WHAT THE TASK REQUIRES:
Set down, please, exactly the lines below that run from the line with "Mechanic: Resurrection" to the line with "Support de chargeur", both lines included.
=== RECORDS TO USE ===
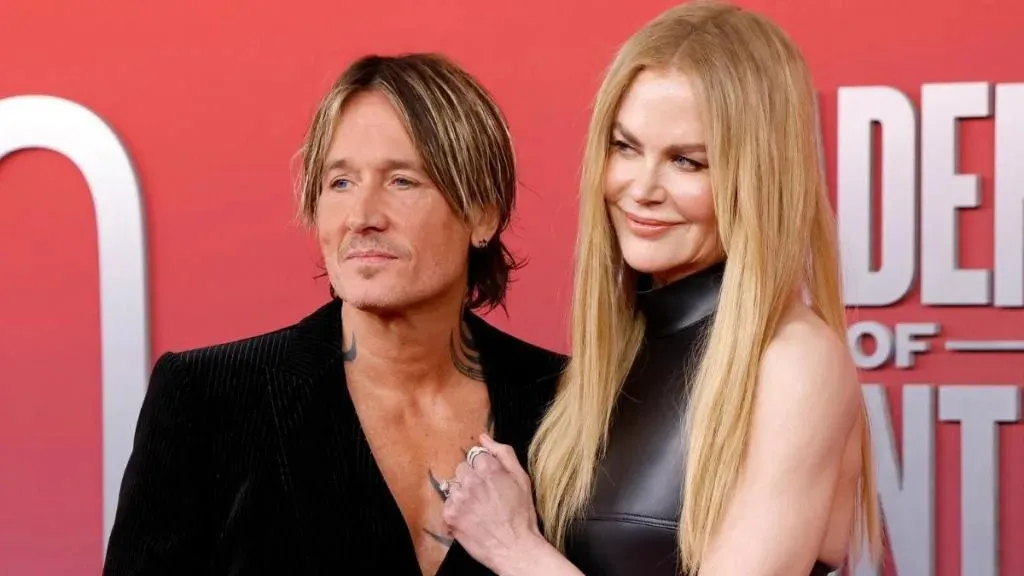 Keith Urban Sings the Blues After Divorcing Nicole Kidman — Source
===
=== RECORDS TO USE ===
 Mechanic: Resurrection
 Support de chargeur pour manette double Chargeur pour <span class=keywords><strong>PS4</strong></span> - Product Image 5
===
=== RECORDS TO USE ===
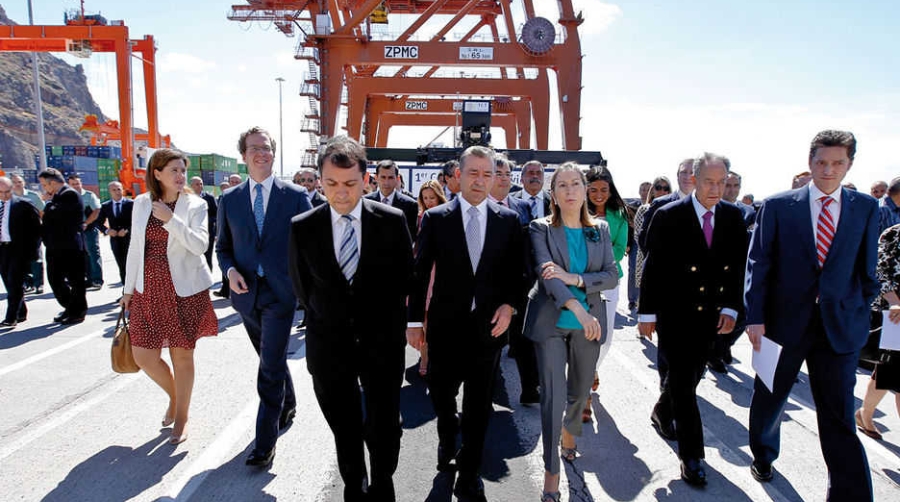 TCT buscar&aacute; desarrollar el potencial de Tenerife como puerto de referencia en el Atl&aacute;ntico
===
EXERCISE RESULT:
 Mechanic: Resurrection
 Support de chargeur pour manette double Chargeur pour <span class=keywords><strong>PS4</strong></span> - Product Image 5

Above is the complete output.